### YOUR INSTRUCTIONS
What you should give back is a precise copy of the lines below from the one containing "As we have selected" through the one containing "And those are", with no pictures.

### INPUT
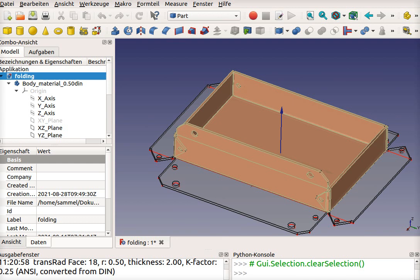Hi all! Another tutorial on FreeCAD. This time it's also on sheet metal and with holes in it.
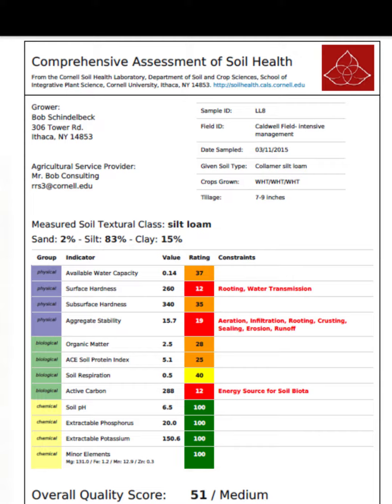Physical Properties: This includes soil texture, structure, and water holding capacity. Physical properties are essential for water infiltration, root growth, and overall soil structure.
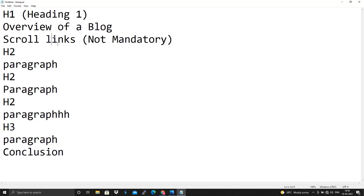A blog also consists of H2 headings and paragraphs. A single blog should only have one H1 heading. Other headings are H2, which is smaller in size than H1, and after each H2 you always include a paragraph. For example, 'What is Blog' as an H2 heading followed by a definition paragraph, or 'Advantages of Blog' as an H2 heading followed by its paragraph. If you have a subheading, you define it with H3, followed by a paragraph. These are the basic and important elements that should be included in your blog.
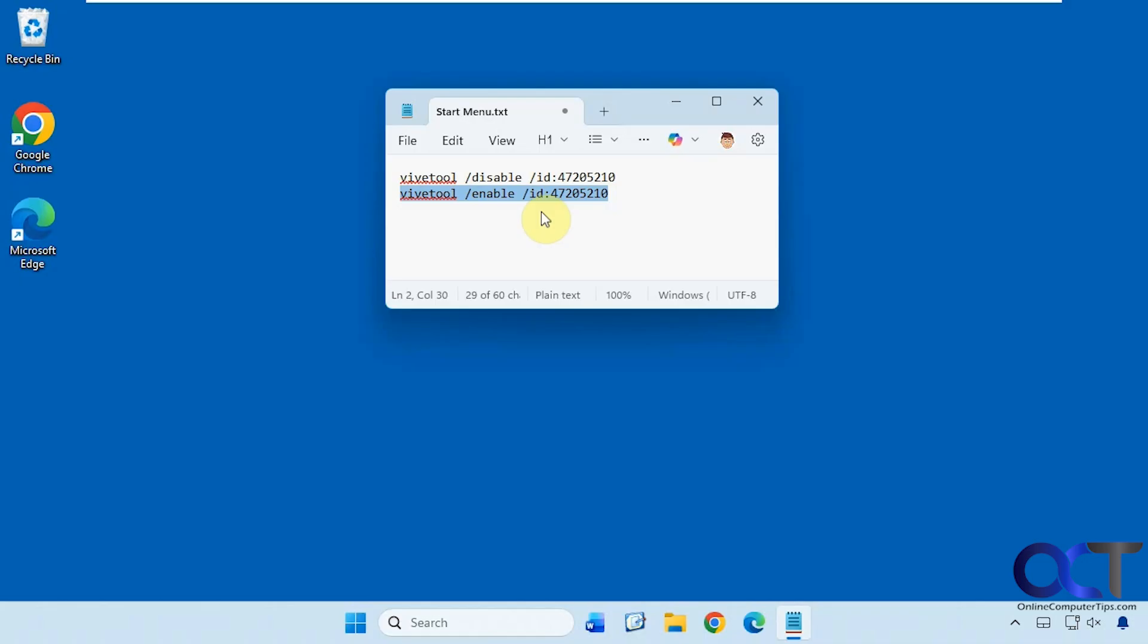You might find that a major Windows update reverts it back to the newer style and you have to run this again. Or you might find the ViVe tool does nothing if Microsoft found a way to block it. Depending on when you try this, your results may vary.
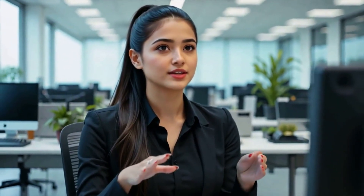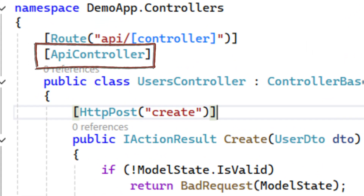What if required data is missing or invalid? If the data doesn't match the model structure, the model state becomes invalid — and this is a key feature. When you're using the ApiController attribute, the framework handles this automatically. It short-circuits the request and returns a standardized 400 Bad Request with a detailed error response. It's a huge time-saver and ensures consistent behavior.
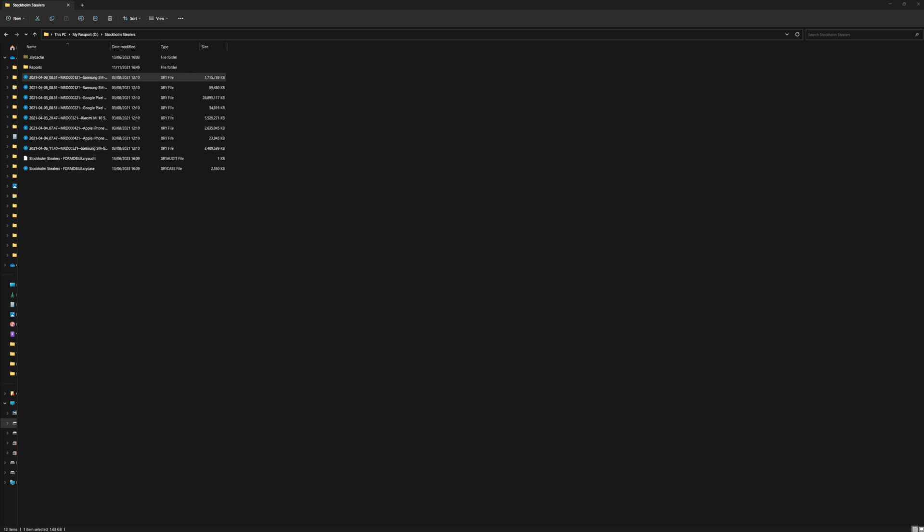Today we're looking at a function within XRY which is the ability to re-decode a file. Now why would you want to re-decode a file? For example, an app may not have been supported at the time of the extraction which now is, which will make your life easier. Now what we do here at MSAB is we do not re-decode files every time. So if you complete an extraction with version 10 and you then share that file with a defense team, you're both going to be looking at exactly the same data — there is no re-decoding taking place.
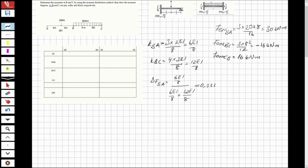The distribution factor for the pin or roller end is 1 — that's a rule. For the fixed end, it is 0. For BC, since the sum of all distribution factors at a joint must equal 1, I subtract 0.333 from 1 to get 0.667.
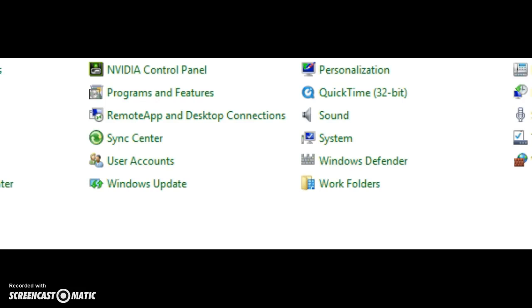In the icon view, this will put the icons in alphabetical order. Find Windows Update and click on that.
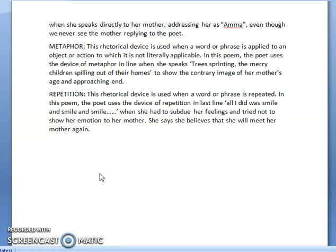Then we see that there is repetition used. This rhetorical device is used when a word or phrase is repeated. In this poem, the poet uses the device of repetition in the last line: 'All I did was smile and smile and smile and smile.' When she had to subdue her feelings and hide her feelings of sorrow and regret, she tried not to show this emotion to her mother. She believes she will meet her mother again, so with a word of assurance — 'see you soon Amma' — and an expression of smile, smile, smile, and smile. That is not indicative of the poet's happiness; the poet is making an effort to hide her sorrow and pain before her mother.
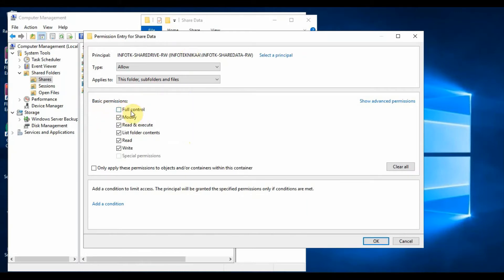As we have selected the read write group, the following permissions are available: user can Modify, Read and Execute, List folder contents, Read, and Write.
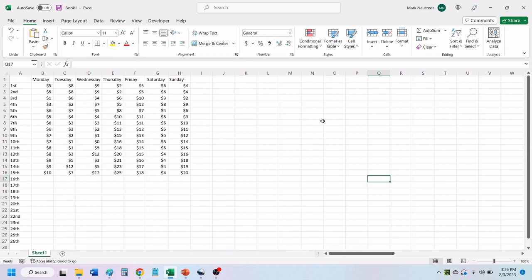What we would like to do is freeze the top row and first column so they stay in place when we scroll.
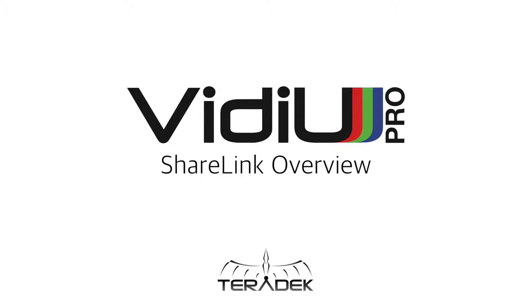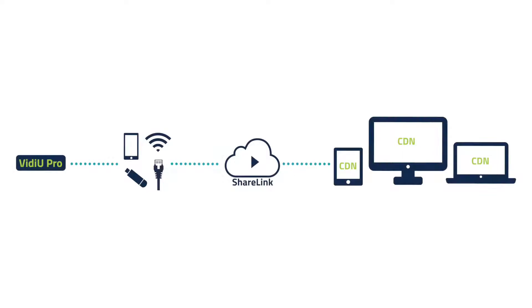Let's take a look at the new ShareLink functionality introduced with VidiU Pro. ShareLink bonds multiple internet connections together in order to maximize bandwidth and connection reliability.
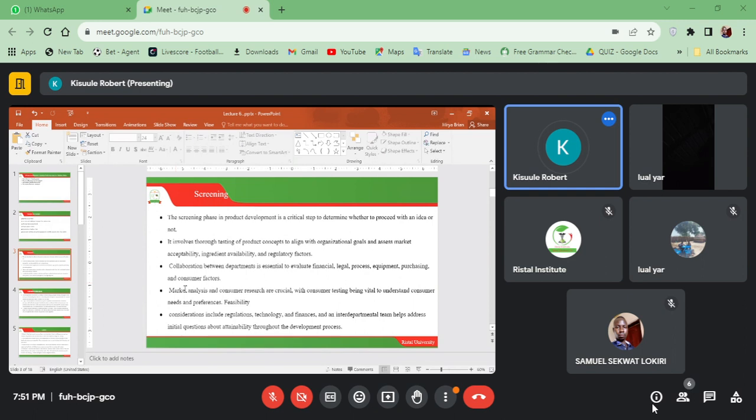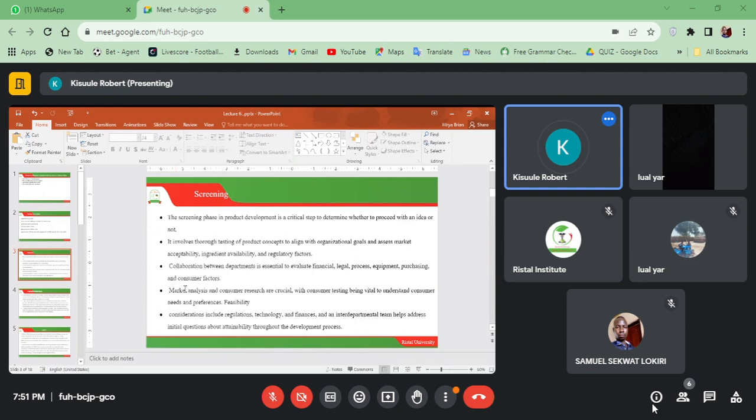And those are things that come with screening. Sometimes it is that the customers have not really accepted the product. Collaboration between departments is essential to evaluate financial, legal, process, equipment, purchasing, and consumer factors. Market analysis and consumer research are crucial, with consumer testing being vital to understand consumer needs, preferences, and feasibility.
==
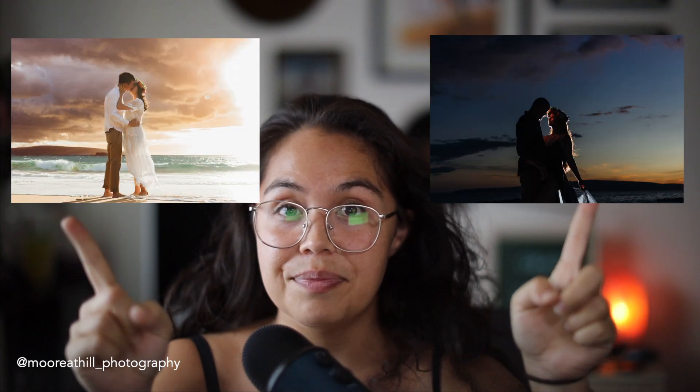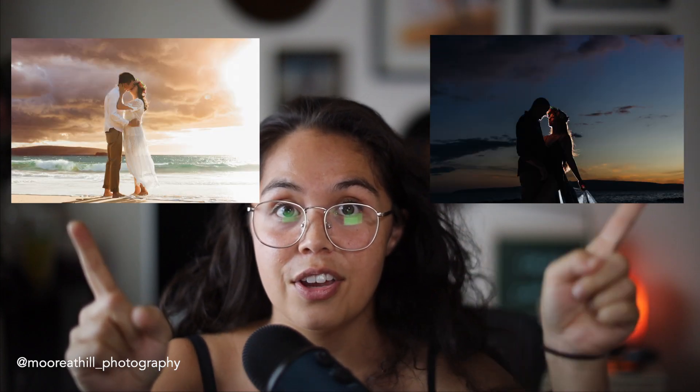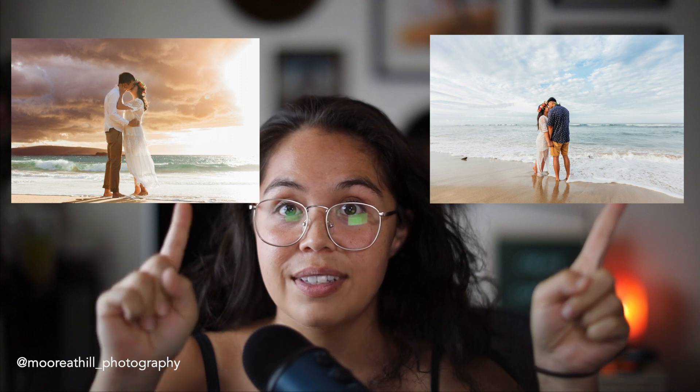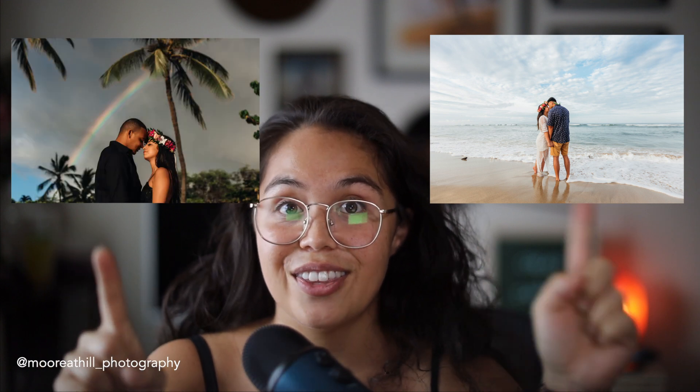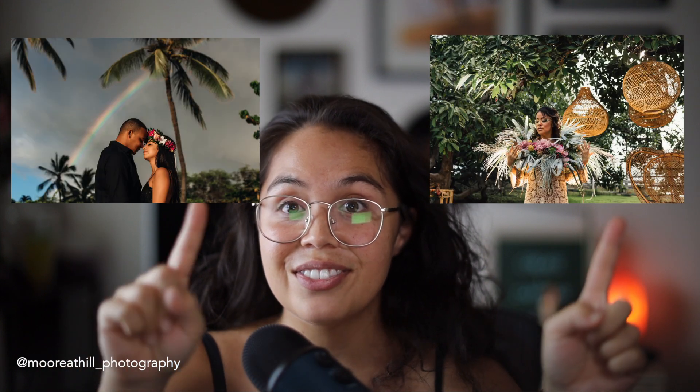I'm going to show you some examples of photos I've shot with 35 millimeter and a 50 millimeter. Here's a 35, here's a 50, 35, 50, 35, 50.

### WRITTEN RESPONSE
As we have selected the read write group, the following permissions are available: user can Modify, Read and Execute, List folder contents, Read, and Write.
What we would like to do is freeze the top row and first column so they stay in place when we scroll.
Let's take a look at the new ShareLink functionality introduced with VidiU Pro. ShareLink bonds multiple internet connections together in order to maximize bandwidth and connection reliability.
And those are things that come with screening. Sometimes it is that the customers have not really accepted the product. Collaboration between departments is essential to evaluate financial, legal, process, equipment, purchasing, and consumer factors. Market analysis and consumer research are crucial, with consumer testing being vital to understand consumer needs, preferences, and feasibility.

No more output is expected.